━━━━━ Data for the task ━━━━━

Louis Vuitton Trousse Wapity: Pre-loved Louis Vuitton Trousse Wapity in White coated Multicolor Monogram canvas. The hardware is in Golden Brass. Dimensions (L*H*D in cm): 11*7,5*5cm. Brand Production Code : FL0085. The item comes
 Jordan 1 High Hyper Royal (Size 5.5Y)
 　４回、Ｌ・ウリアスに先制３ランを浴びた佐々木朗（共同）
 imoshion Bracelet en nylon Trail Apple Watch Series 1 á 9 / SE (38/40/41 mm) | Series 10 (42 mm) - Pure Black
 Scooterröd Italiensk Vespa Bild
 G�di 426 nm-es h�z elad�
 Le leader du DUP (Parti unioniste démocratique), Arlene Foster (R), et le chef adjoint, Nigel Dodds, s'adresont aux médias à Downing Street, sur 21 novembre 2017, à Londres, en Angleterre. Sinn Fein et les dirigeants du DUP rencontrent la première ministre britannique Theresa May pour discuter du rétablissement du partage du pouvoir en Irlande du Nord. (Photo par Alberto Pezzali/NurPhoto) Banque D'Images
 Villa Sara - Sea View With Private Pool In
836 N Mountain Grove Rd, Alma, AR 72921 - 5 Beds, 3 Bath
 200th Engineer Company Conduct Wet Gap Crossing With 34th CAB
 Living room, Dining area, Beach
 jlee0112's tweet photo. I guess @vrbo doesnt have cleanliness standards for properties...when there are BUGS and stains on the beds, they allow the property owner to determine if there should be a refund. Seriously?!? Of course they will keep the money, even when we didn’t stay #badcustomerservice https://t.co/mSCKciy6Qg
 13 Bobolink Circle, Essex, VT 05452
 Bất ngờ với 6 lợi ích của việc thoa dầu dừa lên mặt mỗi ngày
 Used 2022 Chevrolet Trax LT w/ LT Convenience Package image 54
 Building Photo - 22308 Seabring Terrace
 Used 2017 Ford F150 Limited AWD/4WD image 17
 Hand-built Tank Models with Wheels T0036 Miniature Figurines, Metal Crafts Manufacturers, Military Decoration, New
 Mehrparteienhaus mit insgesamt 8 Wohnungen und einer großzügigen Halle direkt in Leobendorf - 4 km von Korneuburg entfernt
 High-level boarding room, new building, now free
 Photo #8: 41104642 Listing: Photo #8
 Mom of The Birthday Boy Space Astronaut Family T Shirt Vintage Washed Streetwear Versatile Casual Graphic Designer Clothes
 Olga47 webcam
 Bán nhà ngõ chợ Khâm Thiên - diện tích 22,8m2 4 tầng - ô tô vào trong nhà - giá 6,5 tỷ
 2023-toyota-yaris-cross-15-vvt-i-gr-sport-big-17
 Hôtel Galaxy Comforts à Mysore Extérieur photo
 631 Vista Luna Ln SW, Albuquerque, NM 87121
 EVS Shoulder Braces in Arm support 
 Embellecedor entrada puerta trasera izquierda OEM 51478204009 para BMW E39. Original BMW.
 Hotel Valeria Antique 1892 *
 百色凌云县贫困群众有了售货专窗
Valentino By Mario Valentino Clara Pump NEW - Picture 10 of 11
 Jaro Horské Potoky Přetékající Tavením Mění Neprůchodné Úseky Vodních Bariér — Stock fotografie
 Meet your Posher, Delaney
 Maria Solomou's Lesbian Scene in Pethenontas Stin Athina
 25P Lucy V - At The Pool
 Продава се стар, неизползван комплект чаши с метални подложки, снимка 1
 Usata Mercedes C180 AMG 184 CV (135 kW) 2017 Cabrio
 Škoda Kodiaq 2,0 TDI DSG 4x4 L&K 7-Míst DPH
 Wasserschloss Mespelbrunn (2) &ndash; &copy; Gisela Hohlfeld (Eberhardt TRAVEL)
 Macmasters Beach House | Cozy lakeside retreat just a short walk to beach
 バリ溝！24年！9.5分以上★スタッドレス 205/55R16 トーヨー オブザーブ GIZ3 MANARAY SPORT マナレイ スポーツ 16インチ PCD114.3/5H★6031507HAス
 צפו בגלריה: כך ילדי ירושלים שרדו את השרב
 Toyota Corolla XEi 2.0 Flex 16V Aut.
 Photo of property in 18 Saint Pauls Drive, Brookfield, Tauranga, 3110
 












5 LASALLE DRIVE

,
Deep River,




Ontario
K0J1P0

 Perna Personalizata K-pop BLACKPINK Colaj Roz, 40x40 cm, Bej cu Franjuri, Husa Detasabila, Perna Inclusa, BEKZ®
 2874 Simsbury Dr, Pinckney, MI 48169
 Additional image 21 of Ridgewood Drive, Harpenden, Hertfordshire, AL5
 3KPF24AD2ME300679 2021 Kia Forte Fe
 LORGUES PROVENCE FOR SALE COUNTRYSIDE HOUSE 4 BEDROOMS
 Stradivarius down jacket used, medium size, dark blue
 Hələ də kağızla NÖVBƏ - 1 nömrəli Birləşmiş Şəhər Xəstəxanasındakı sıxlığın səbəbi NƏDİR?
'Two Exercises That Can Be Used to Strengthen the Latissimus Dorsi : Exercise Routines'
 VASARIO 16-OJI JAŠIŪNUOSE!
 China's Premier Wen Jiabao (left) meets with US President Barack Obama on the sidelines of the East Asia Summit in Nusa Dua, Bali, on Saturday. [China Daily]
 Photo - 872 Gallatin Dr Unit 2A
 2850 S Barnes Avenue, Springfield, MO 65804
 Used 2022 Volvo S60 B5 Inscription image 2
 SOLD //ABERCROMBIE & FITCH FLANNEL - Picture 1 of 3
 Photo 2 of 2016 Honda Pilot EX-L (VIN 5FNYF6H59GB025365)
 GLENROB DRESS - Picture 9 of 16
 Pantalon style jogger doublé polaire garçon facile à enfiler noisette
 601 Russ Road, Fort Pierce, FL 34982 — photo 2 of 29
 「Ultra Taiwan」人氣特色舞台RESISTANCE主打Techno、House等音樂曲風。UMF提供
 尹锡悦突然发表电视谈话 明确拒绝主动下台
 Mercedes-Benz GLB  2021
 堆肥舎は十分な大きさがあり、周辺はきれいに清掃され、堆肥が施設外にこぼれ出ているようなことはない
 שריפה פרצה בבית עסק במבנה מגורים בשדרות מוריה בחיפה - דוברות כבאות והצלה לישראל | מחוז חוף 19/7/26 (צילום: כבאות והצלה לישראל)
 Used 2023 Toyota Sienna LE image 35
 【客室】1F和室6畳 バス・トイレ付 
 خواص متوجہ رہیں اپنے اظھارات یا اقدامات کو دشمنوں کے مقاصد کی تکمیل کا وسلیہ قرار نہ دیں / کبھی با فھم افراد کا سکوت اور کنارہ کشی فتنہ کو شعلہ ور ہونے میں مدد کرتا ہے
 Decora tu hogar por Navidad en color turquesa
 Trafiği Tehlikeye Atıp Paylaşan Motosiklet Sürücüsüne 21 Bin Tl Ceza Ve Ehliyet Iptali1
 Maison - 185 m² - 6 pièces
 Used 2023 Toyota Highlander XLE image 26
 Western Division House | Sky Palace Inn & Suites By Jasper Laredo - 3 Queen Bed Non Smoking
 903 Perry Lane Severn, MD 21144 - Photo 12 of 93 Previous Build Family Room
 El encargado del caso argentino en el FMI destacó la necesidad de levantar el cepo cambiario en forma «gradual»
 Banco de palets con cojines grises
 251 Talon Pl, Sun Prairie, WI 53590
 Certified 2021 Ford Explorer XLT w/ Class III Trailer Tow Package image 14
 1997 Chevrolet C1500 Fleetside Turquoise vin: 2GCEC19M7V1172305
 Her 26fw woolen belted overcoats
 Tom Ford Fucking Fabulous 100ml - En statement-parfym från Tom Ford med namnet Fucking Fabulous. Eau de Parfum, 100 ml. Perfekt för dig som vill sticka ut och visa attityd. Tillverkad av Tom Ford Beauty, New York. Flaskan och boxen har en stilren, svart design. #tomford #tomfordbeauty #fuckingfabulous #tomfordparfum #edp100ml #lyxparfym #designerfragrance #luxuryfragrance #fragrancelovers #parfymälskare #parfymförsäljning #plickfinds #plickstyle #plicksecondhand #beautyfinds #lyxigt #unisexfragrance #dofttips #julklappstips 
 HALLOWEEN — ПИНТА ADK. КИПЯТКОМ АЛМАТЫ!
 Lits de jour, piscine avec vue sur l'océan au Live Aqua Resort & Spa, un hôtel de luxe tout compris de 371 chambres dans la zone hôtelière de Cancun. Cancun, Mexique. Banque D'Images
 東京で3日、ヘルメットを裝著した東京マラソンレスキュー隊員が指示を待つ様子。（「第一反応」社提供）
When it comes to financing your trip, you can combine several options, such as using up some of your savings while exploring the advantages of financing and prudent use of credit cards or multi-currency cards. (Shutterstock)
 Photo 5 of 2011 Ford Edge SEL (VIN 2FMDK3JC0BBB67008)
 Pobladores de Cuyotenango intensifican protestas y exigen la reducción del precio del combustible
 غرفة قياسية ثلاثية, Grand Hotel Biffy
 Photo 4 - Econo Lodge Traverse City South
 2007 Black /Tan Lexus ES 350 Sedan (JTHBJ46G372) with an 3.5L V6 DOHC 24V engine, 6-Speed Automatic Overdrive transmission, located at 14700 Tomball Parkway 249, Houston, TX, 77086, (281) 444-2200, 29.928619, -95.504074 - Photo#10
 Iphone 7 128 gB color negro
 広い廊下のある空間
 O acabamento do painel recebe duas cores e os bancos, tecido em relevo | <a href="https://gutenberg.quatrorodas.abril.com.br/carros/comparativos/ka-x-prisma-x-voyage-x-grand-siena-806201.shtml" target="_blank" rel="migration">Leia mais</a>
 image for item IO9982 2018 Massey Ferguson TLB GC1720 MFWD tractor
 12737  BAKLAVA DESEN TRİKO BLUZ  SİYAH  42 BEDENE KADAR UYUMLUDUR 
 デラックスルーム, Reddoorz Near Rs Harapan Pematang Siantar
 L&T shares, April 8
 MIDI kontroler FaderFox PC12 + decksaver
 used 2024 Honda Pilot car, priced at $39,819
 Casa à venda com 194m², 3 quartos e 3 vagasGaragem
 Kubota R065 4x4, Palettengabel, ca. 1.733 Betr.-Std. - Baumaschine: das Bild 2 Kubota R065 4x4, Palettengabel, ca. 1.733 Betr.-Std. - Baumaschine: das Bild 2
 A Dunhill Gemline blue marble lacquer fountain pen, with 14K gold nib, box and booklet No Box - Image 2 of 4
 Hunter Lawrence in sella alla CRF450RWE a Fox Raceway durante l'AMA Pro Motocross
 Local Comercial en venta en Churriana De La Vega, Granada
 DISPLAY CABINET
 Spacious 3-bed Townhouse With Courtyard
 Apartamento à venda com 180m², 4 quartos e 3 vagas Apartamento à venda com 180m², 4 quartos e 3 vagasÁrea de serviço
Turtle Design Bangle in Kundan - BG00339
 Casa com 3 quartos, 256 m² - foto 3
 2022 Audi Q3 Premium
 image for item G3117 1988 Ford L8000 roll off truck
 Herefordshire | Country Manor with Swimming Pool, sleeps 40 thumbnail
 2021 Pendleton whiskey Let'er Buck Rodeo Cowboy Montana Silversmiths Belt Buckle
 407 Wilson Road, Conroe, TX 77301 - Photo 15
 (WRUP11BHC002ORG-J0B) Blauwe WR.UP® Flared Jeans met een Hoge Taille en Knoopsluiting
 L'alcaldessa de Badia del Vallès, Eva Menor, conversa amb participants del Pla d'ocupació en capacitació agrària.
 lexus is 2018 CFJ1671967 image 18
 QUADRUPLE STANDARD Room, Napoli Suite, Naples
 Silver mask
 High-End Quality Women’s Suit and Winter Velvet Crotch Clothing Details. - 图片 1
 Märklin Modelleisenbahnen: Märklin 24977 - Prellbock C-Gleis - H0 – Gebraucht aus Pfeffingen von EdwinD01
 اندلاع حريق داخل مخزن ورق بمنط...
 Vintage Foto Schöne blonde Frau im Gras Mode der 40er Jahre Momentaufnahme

━━━━━

▶ _Exercise directions_:
Each line in the entries above that includes the string "Beach" should be extracted.

▶ _Response to this task_:
 Living room, Dining area, Beach
 Macmasters Beach House | Cozy lakeside retreat just a short walk to beach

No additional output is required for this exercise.